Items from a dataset
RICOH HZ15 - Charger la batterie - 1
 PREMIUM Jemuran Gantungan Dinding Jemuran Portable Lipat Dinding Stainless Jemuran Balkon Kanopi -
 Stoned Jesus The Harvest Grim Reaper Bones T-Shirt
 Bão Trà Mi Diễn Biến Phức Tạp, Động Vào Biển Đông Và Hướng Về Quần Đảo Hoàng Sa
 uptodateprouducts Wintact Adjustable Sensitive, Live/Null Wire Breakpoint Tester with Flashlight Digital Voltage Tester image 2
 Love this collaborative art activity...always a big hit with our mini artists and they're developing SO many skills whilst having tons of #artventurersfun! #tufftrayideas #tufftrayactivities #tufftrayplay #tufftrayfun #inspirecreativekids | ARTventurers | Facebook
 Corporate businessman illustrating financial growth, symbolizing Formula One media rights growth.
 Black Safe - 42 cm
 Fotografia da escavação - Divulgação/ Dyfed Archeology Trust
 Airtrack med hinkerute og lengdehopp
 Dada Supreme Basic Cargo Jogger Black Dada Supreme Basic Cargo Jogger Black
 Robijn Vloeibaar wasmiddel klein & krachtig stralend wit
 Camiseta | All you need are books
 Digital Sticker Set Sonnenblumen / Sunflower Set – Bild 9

- What you should do
Only lines that contain the string "Digital" count; pick each one out of the records and copy it.

- Solved problem
 uptodateprouducts Wintact Adjustable Sensitive, Live/Null Wire Breakpoint Tester with Flashlight Digital Voltage Tester image 2
 Digital Sticker Set Sonnenblumen / Sunflower Set – Bild 9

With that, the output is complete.